Betül AksuMan-made Maps
2023
Torn wall paint on paper, 42x30 cm each


Man-made Maps gathers phallic-like fragments of wall paint taken from the walls of sezon, an artist-run space imagined as a refuge from patriarchal structures. These pieces, originally part of the architectural surface, carry traces of both material and symbolic histories. By relocating them onto paper, Betül aims to reposition the material as a site for questioning how power and memory are embedded in everyday environments.

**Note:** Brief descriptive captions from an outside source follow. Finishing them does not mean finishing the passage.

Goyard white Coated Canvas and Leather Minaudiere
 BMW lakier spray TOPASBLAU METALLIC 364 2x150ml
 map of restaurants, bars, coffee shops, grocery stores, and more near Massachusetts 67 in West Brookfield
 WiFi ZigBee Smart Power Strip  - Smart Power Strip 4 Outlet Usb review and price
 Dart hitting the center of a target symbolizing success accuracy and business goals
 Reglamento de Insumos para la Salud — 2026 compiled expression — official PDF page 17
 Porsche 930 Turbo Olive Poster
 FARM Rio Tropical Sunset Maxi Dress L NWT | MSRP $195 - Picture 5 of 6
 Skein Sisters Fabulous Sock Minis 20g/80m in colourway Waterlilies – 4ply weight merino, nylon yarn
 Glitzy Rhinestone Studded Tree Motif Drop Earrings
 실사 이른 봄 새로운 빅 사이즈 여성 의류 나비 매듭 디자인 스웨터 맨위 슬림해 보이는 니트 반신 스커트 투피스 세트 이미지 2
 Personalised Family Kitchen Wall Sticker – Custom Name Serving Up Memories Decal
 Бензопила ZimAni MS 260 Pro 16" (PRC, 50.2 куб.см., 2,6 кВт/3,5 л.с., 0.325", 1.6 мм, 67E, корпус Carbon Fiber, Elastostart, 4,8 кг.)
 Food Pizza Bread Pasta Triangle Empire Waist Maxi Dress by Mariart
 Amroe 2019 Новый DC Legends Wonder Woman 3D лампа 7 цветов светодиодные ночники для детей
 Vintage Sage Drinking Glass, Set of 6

The artist-run space sezon is shaped by a family story of migration and gender inequality. Betül’s grandfather, born in Yugoslavia, immigrated first to Turkey, then to Germany as a worker, sending money home to build the family house. When he returned, he bought three plots of land for his children. The son’s was on a main street and became two flats; the daughters’ plots had no building permits and stayed empty for three decades. In 2020, they were finally turned into flats, one of which now hosts sezon. The artist’s mother generously passed down the space to her, an act that has become foundational to Betül’s artistic practice, rooted in everyday care and the solidarity between mothers and daughters.

Through this work, Betül explores how feminist perspectives can open up different ways of reading spatial and historical maps as structures layered with power relations, omissions, and embodied experiences. By reassembling wall fragments into her own map, Man-made Maps proposes a rethinking of inherited structures and the possibilities of reclaiming space.